## [GIVEN INFORMATION]

★ ★ ★ ★

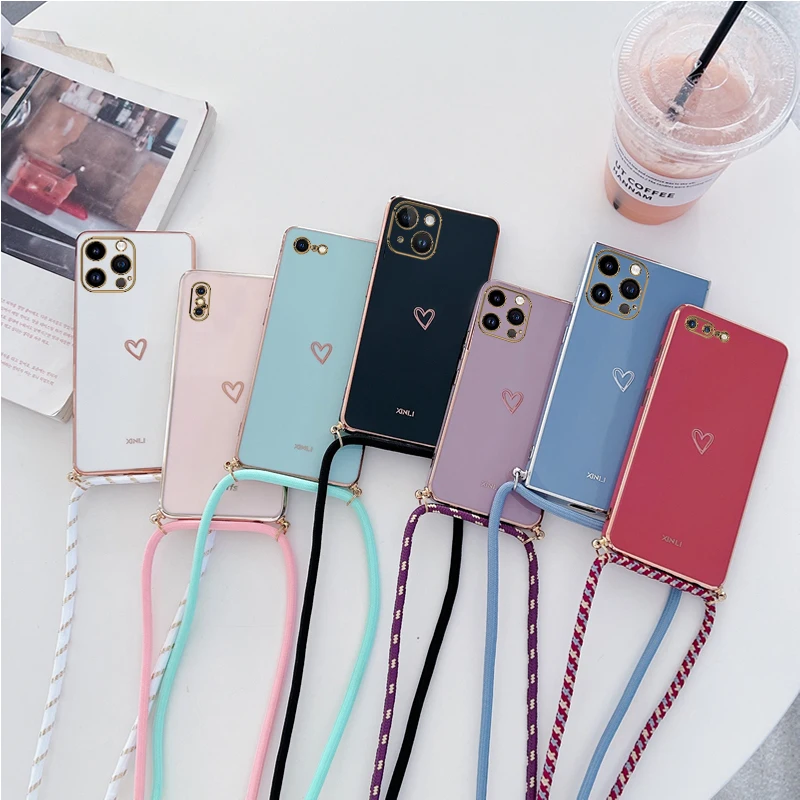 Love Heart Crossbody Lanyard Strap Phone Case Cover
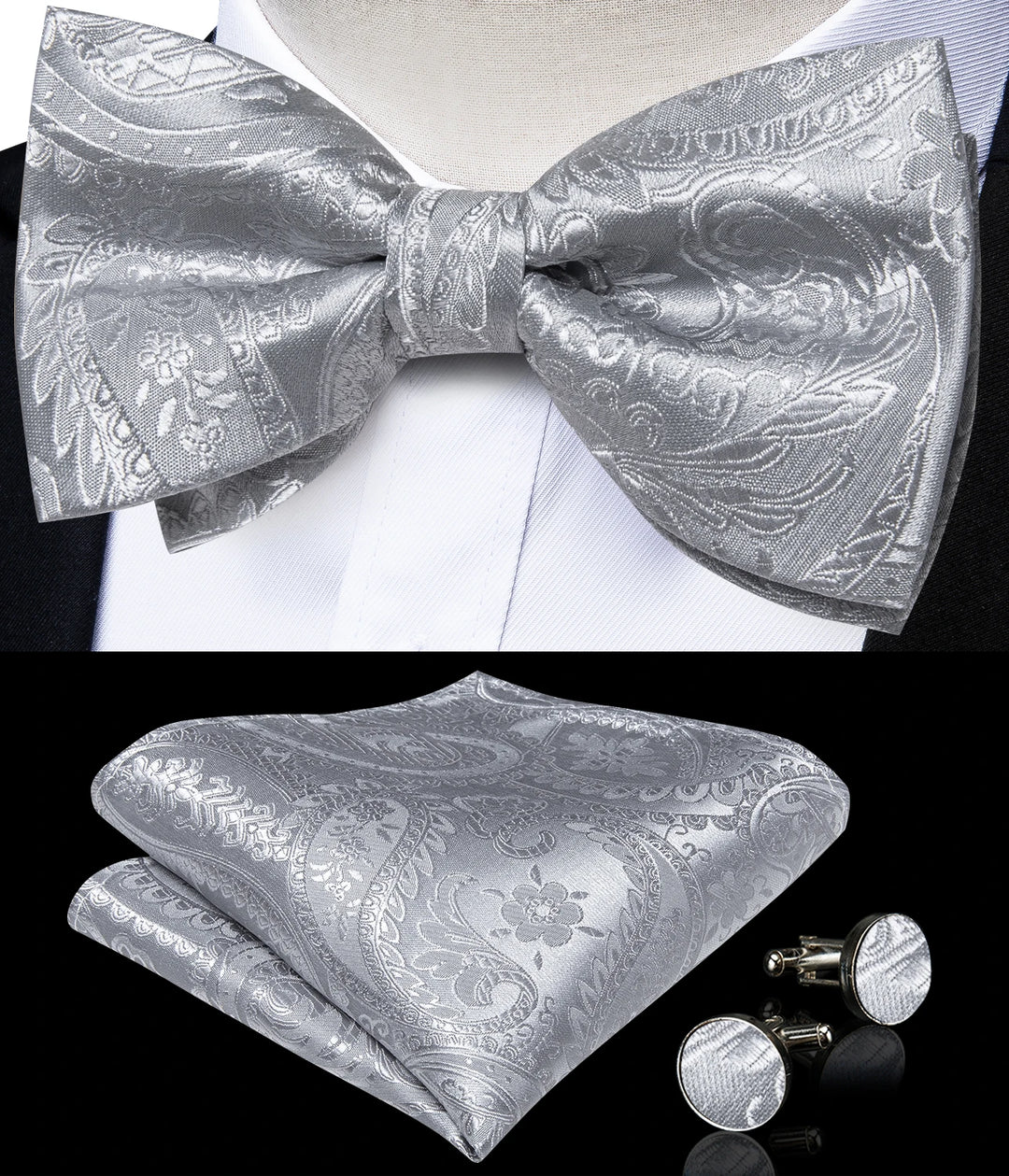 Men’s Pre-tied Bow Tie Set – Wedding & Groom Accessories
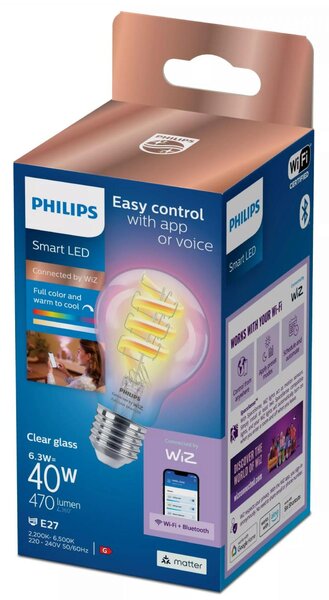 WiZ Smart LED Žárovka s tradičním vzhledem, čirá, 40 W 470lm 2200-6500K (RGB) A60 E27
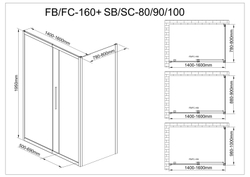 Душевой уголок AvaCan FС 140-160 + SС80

★ ★ ★ ★

Exclude every picture and copy the remaining data exactly.

## [OUTPUT BELOW]
 Love Heart Crossbody Lanyard Strap Phone Case Cover
 Men’s Pre-tied Bow Tie Set – Wedding & Groom Accessories
 WiZ Smart LED Žárovka s tradičním vzhledem, čirá, 40 W 470lm 2200-6500K (RGB) A60 E27
 Душевой уголок AvaCan FС 140-160 + SС80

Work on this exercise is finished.